◆ **GOAL OF THE EXERCISE**
From the line containing "Nick Rougeau and his Wife, Meghan" through the last line of the entries below, transcribe each line exactly, excluding any picture.
------ DATA TO PROCESS
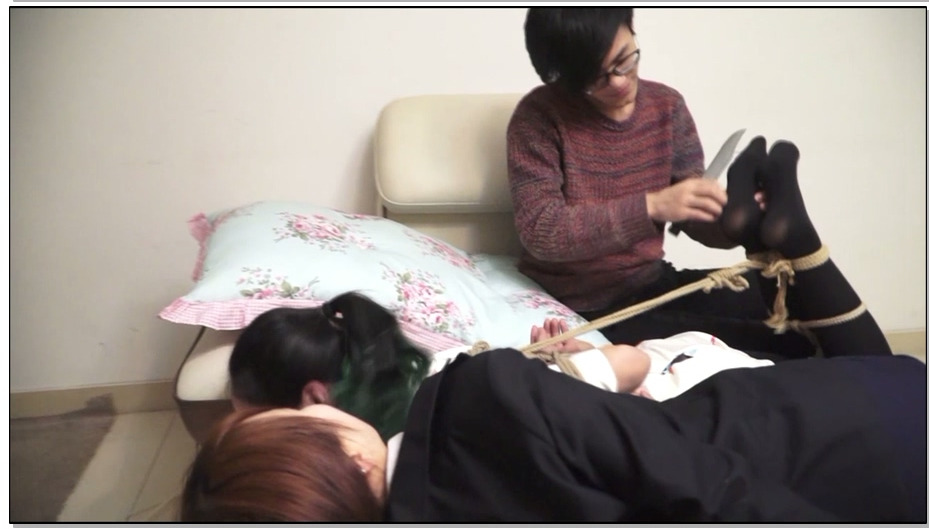 【逍遥】劫匪手册第二部 母女绑架 下 母女肉黑双丝被绑 裸足TJ全包 她们能否有一线生…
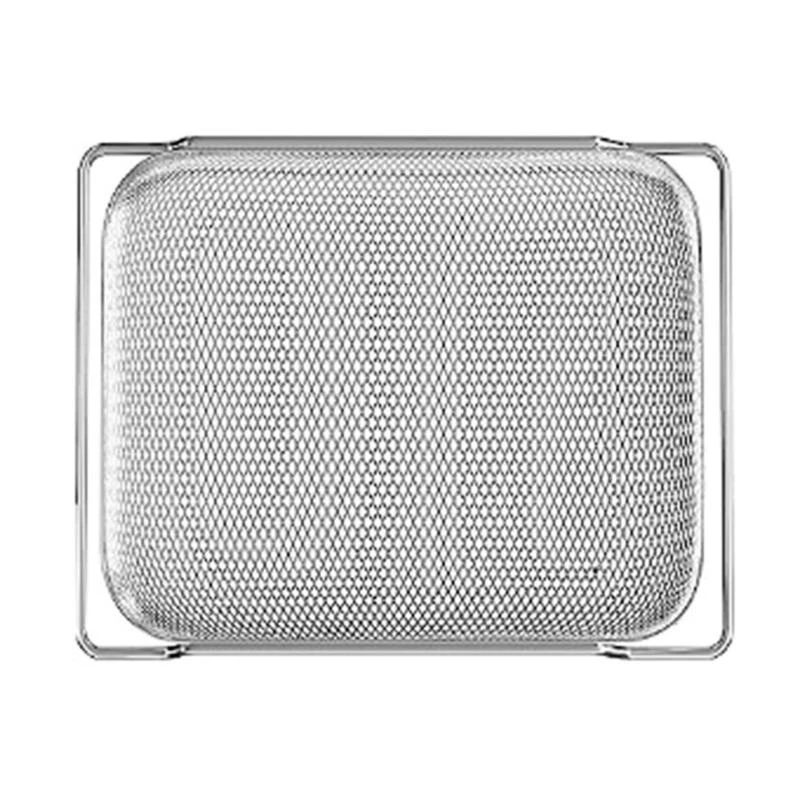   Stainless Steel Oven Air Fryer Basket Tray Large Capacity Air Fryer Tray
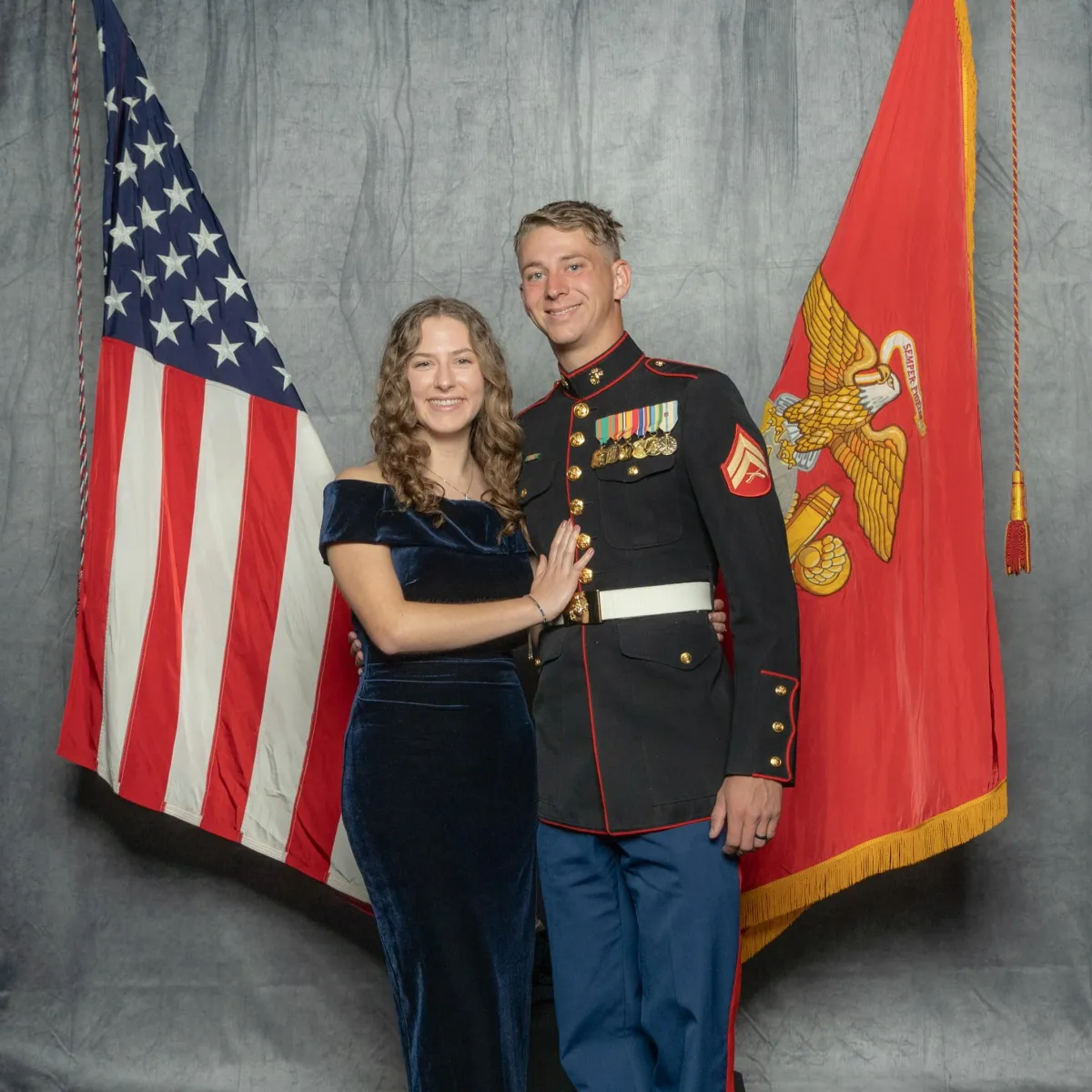 Nick Rougeau and his Wife, Meghan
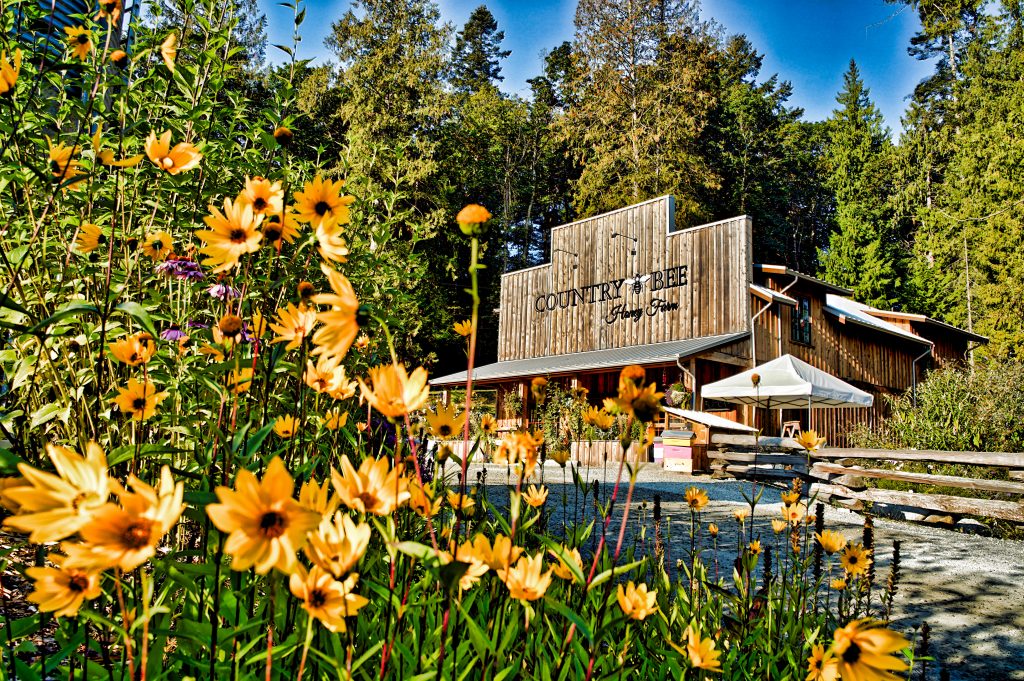 Pollinator Garden and farm store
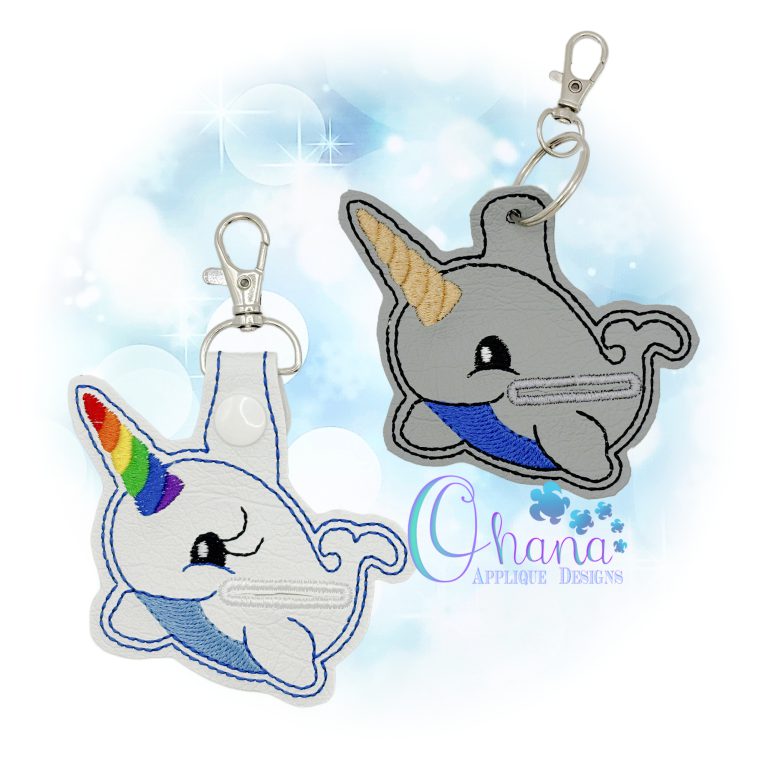 Rainbow Narwhal Coin Keeper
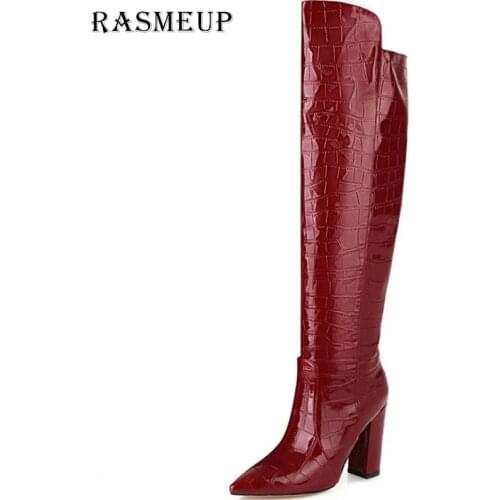 Ботфорты RASMEUP China At AliExpress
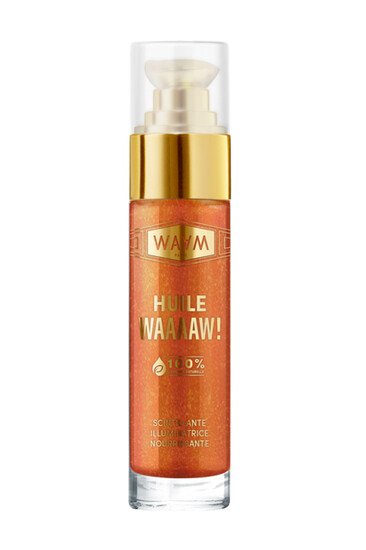 Huile Illuminatrice Scintillante - WAAM
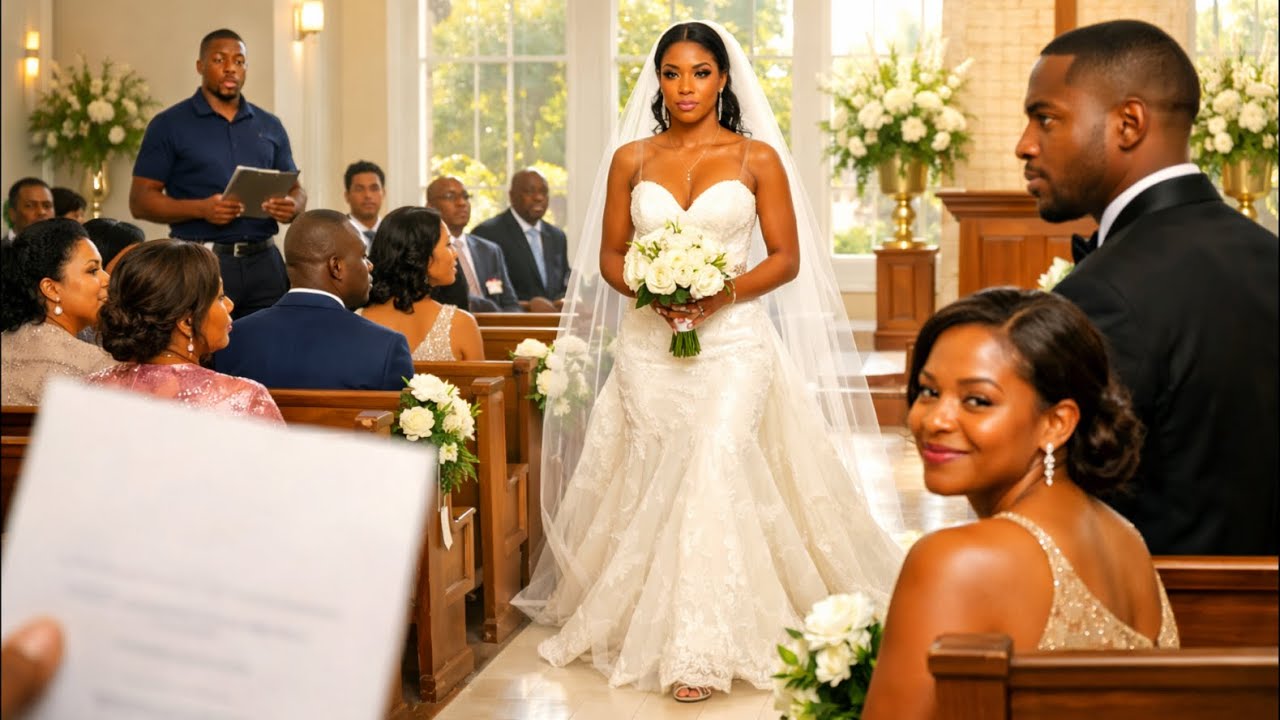 My Fiancée Disappeared For 5 Years… Then I Saw Her Walk Down The Aisle — But She…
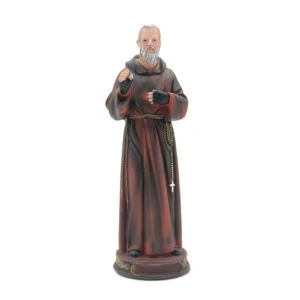 Statue de Padre Pio en résine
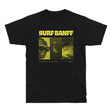 Surf Banff Tee Black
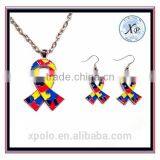 XP-JS-0221 FACTORY PRICE 2016 New Products Fashion Jewelry Set for Ladies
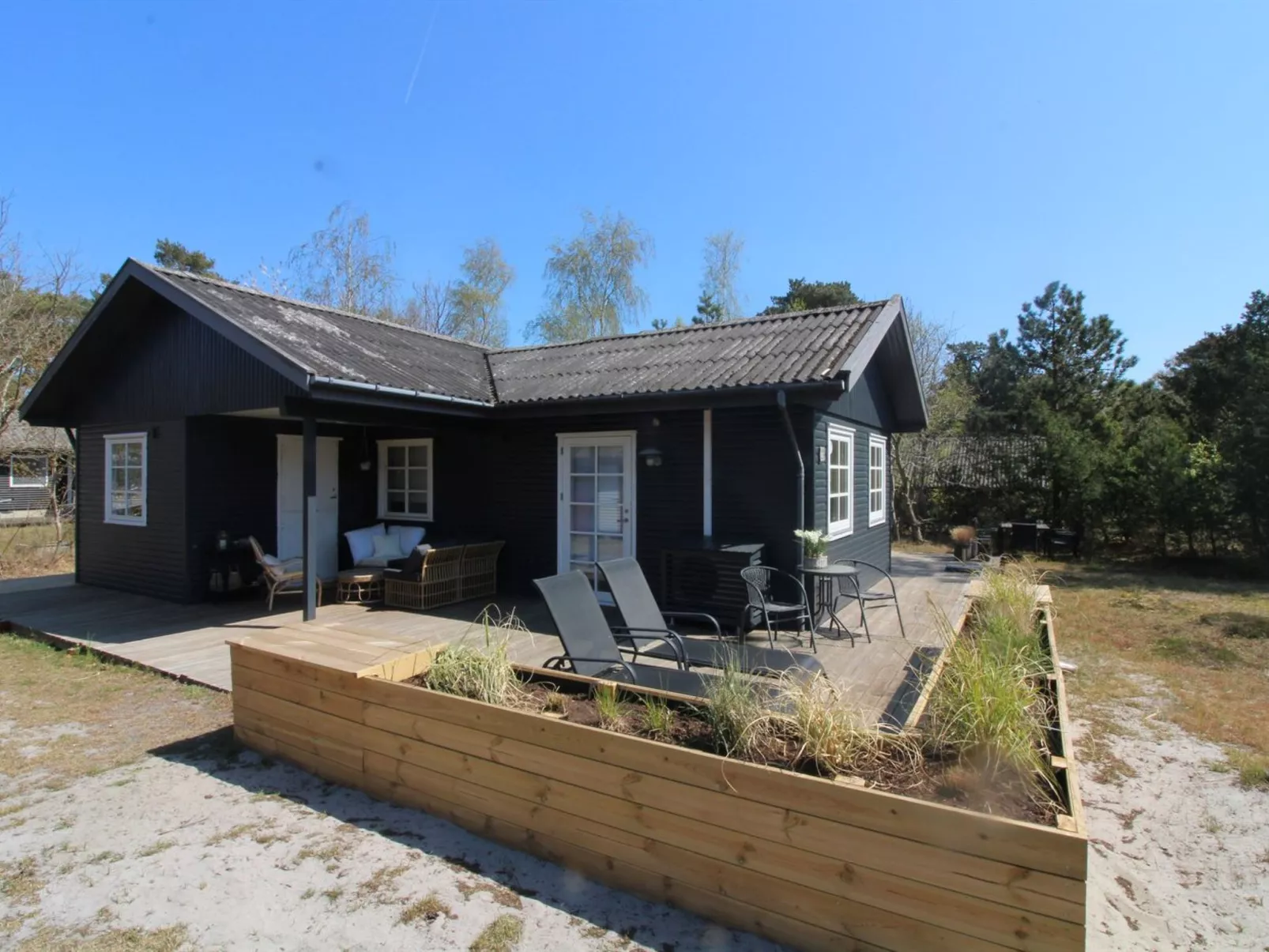 "Gunwald" - 300m from the sea-Buiten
------------
◆ **SOLUTION TO THE PROBLEM**
 Nick Rougeau and his Wife, Meghan
 Pollinator Garden and farm store
 Rainbow Narwhal Coin Keeper
 Ботфорты RASMEUP China At AliExpress
 Huile Illuminatrice Scintillante - WAAM
 My Fiancée Disappeared For 5 Years… Then I Saw Her Walk Down The Aisle — But She…
 Statue de Padre Pio en résine
 Surf Banff Tee Black
 XP-JS-0221 FACTORY PRICE 2016 New Products Fashion Jewelry Set for Ladies
 "Gunwald" - 300m from the sea-Buiten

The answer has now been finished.